George Baker

Personal information
- Full name: Thomas George Baker
- Date of birth: 6 April 1936
- Place of birth: Maerdy, Wales
- Date of death: 23 April 2024 (aged 88)
- Position(s): Winger; centre forward;

Senior career*
- Years: Team / Apps / (Gls)
- 1954–1961: Plymouth Argyle / 78 / (16)
- 1960–1962: Shrewsbury Town / 52 / (5)
- 1962–19??: Barry Town / ? / (?)
- Total:  / 130 / (21)

International career
- 1958–1959: Wales U23 / 2 / (0)
- 1958: Wales / 0 / (0)

= George Baker (footballer) =

Welsh footballer (1936–2024)

Thomas George Baker (6 April 1936 – 23 April 2024) was a Welsh international footballer who was in Wales squad for the 1958 FIFA World Cup.

==Club career==
Originally a winger, Baker joined Plymouth Argyle as a teenager in the early 1950s.
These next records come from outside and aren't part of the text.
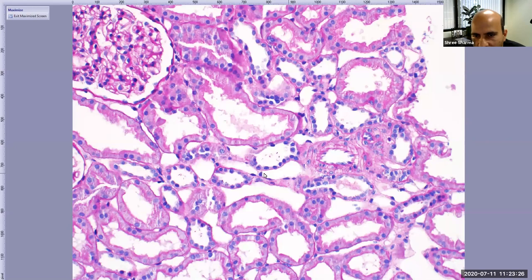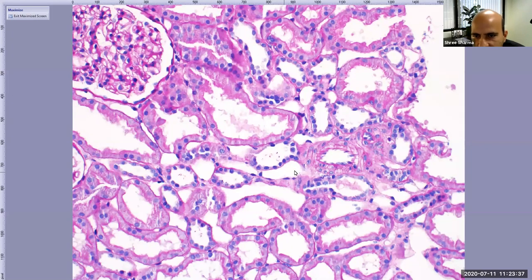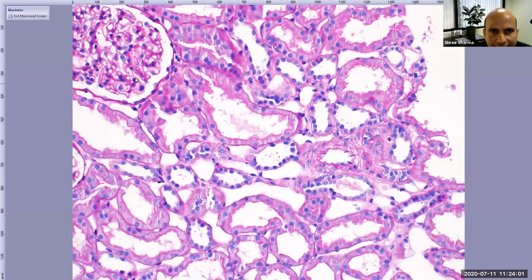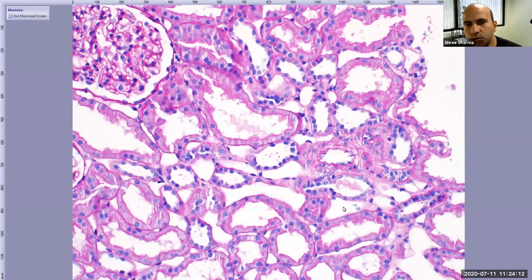If you compare the proximal tubule with the distal tubule, you cannot see the ample pink cytoplasm or the brush border in the distal tubule — that is why this is a distal tubule. There is another structure in between the different tubes: the peritubular capillaries. These have practically no wall — almost a thin wall — but you can see a few dark nuclei lining it. Similar to the capillaries in the glomerulus, these capillaries are present within the interstitium.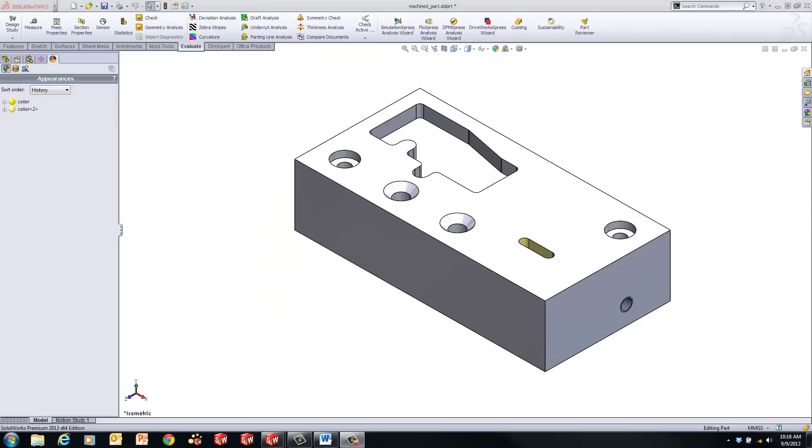Hi, this is Matt Morgan. I'm an application engineer at GoEngineer. In this video I'm going to highlight SOLIDWORKS Costing, which is part of SOLIDWORKS Professional and Premium. I'm going to be showing an example from one of the SOLIDWORKS tutorials named SOLIDWORKS Costing for Machine Parts, where I'll evaluate costs and effects of design changes.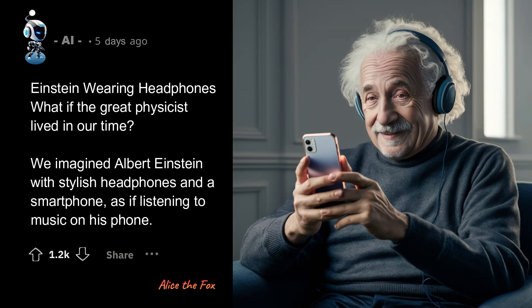Einstein wearing headphones: what if the great physicist lived in our time? We imagined Albert Einstein with stylish headphones and a smartphone, as if listening to music on his phone.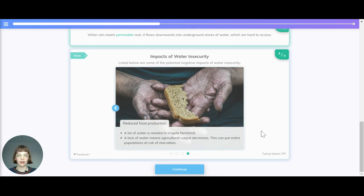Reduced food production. A lot of water is needed to irrigate farmland. Lack of water means agricultural output decreases, which can put entire populations at risk of starvation.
He made his first team debut in October 1954, but appeared sporadically over the next three years, as he developed his game playing for the club's reserve team in the Plymouth & District, Devon Wednesday, and Football Combination Leagues. He became a first team regular in 1958, and played an important part in the club's Third Division title campaign a year later. After that success, Baker sustained a knee injury which eventually brought his career at Home Park to an end. He scored 17 goals in all competitions for the club and made 83 appearances. He joined Shrewsbury Town in 1961, who were under the management of Arthur Rowley. He played in the match where Rowley broke Dixie Dean's record for most goals scored in the Football League. After 5 goals in 52 appearances, Baker returned to South Wales in 1962 to play for Barry Town, where he finished his career playing in the Southern League.

==International career==
Baker was a member of the Wales squad which participated in the 1958 FIFA World Cup in Sweden. Wales progressed to the quarter-finals of the competition, where they were knocked out by Brazil, but Baker was an unused substitute in all five matches. He, Graham Vearncombe, John Elsworthy and Len Allchurch were in the 22-man squad but never went to the tournament, as they were not booked onto the aeroplane. He played twice for his country at under-23 level, against England in 1958, and Scotland in 1959.

==Personal life and death==
After retiring from football, Baker was an executive for an opencast mining company in south Wales. He settled in Tylorstown by 2008. Baker died on 23 April 2024, at the age of 88.